[[ SUPPLIED MATERIAL, beginning ]]
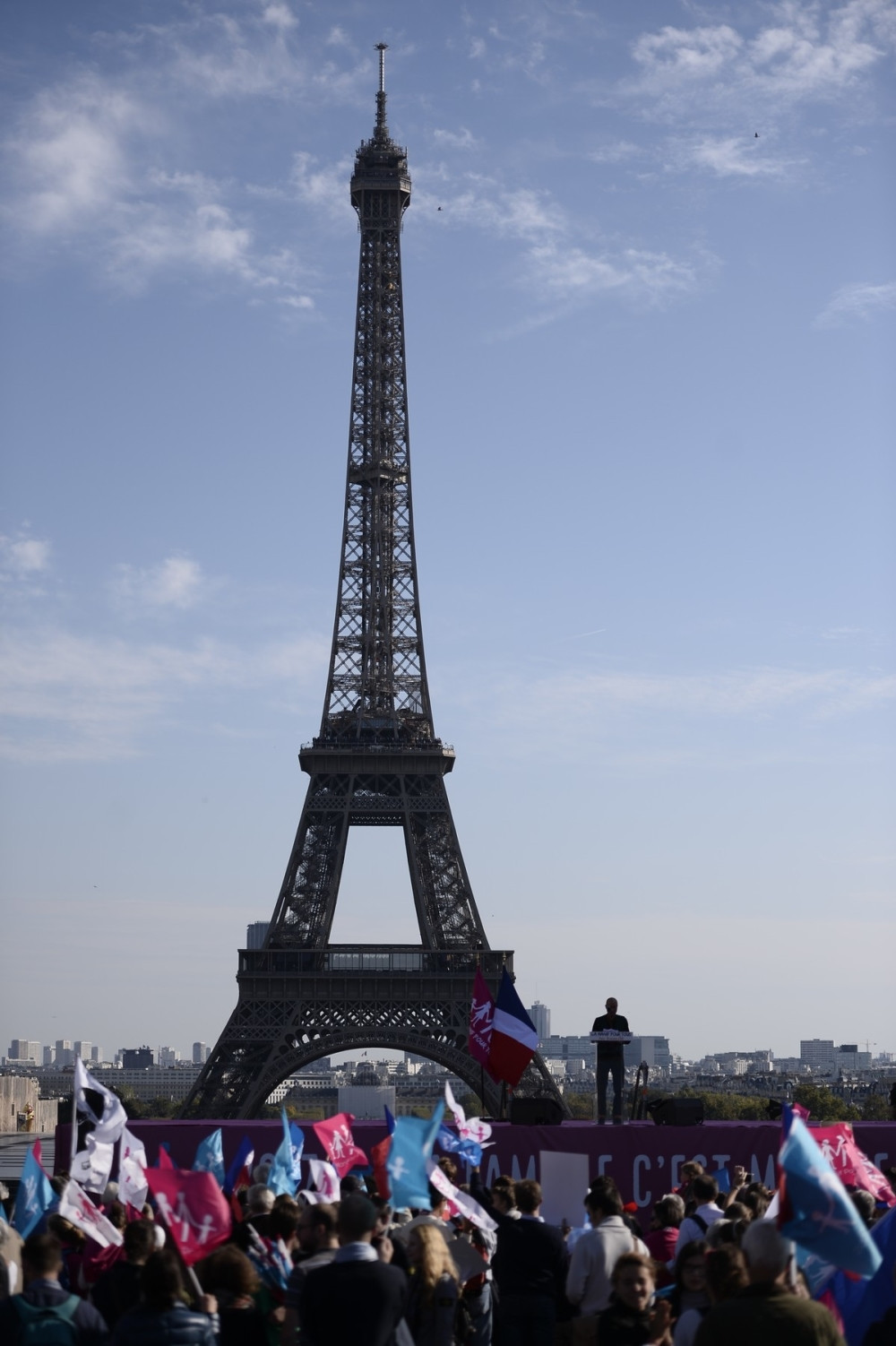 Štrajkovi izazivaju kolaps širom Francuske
[[ SUPPLIED MATERIAL, end ]]
[[ SUPPLIED MATERIAL, beginning ]]
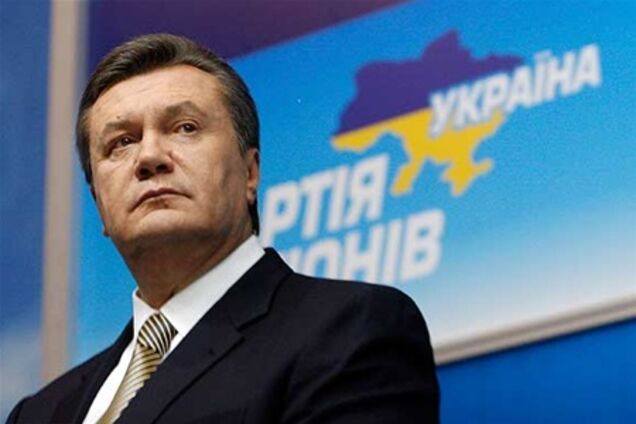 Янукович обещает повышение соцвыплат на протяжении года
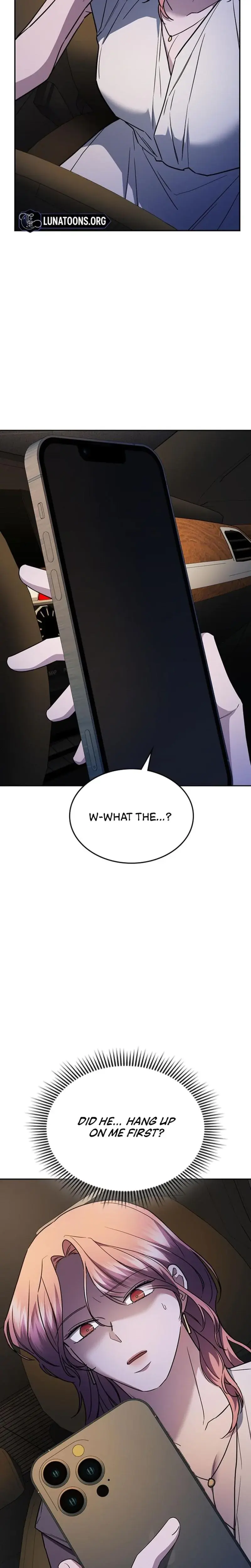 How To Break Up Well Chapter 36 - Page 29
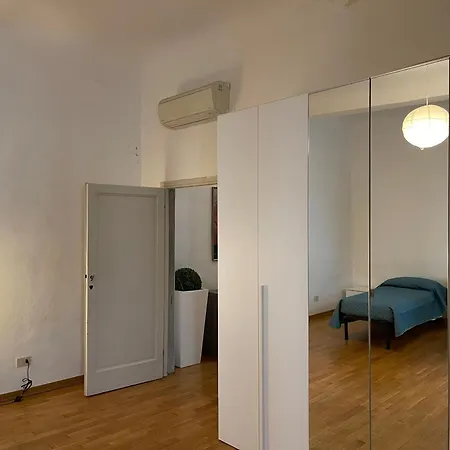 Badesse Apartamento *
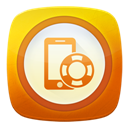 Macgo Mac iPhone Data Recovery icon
[[ SUPPLIED MATERIAL, end ]]
_YOUR OBJECTIVE:_
Everything from the line above that contains "Badesse Apartamento *" down to the line that contains "Macgo Mac iPhone Data Recovery icon" must be reproduced exactly, both ends included. Omit the pictures.

_RESPONSE TO THE TASK:_
 Badesse Apartamento *
 Macgo Mac iPhone Data Recovery icon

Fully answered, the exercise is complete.